**DATA TO USE:**
= Beginning of Section =
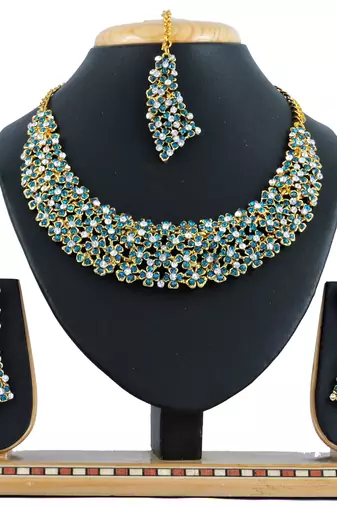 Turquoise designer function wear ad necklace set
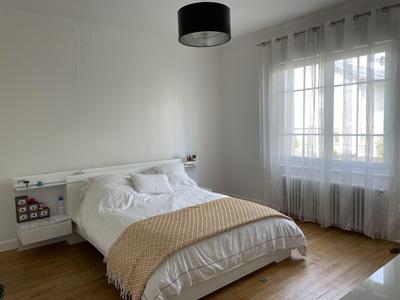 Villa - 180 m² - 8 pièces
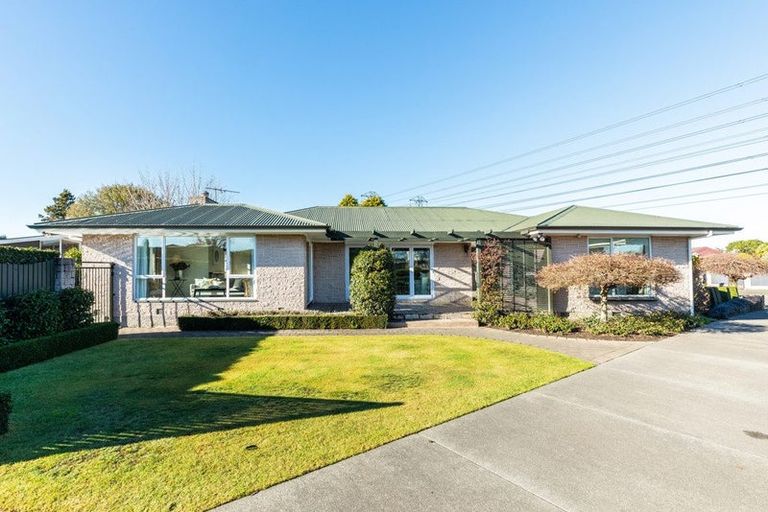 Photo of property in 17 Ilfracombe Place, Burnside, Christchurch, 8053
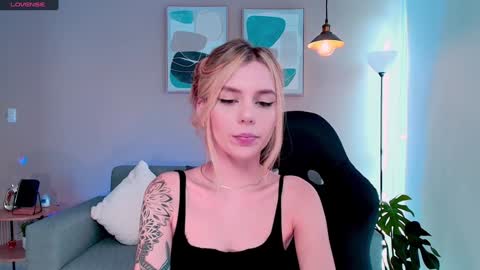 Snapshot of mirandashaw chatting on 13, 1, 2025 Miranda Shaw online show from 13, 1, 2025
= End of Section =
= Beginning of Section =
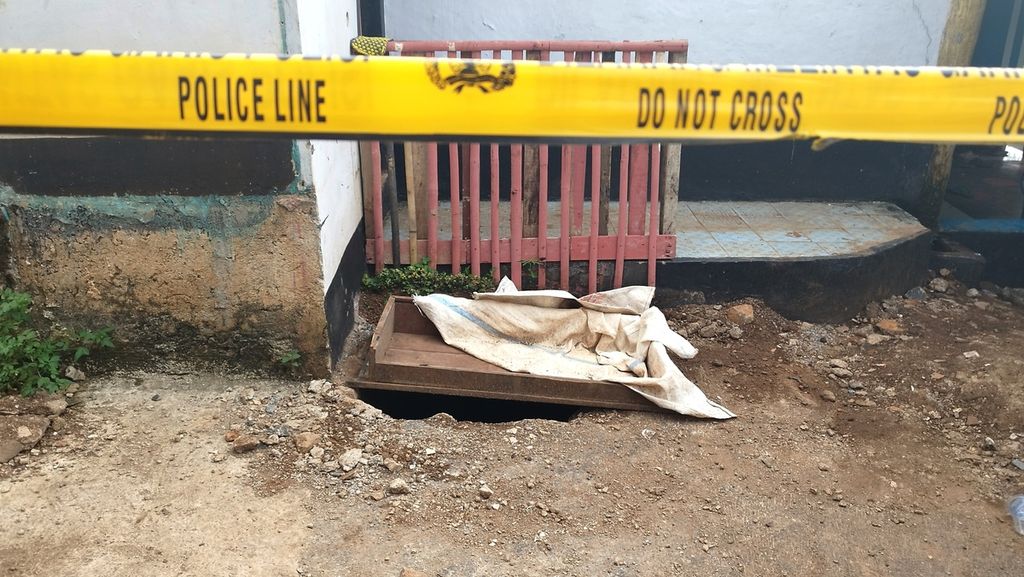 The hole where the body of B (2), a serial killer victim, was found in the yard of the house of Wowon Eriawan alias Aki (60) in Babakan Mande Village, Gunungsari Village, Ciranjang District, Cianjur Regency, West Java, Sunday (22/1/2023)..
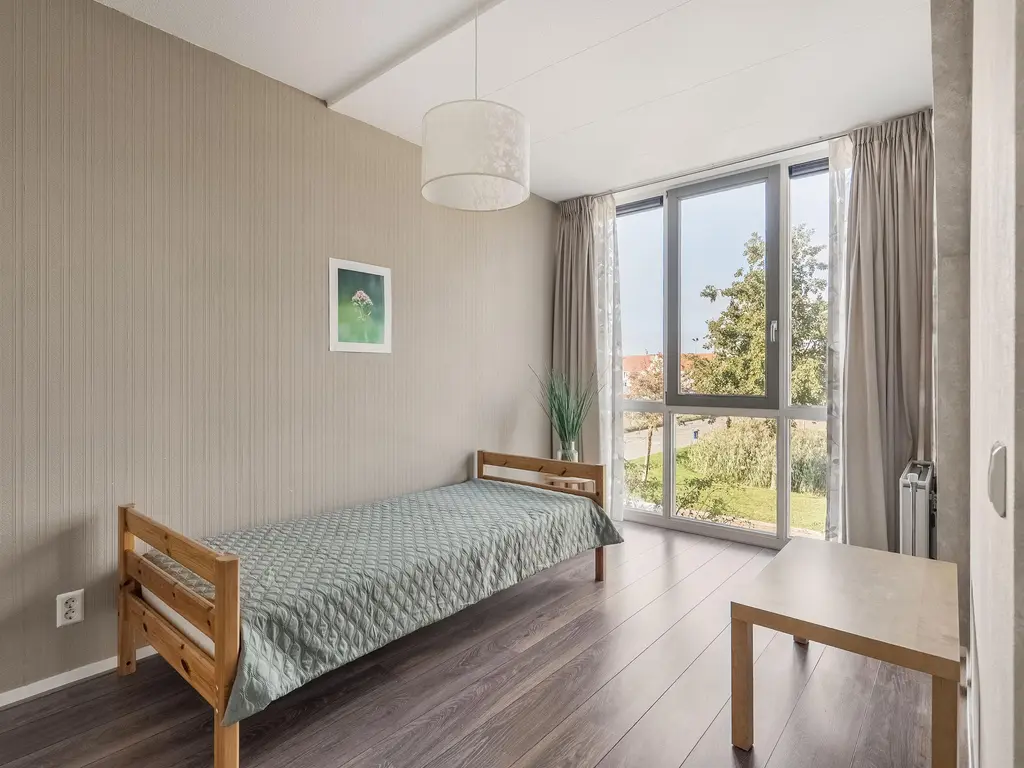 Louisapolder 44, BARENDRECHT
= End of Section =
**PROBLEM TO SOLVE:** Reproduce the listing above only between the lines holding "Turquoise designer function" and "Snapshot of mirandashaw", inclusive. Every line must match exactly, and pictures are dropped.

**ANSWER BELOW:**
 Turquoise designer function wear ad necklace set
 Villa - 180 m² - 8 pièces
 Photo of property in 17 Ilfracombe Place, Burnside, Christchurch, 8053
 Snapshot of mirandashaw chatting on 13, 1, 2025 Miranda Shaw online show from 13, 1, 2025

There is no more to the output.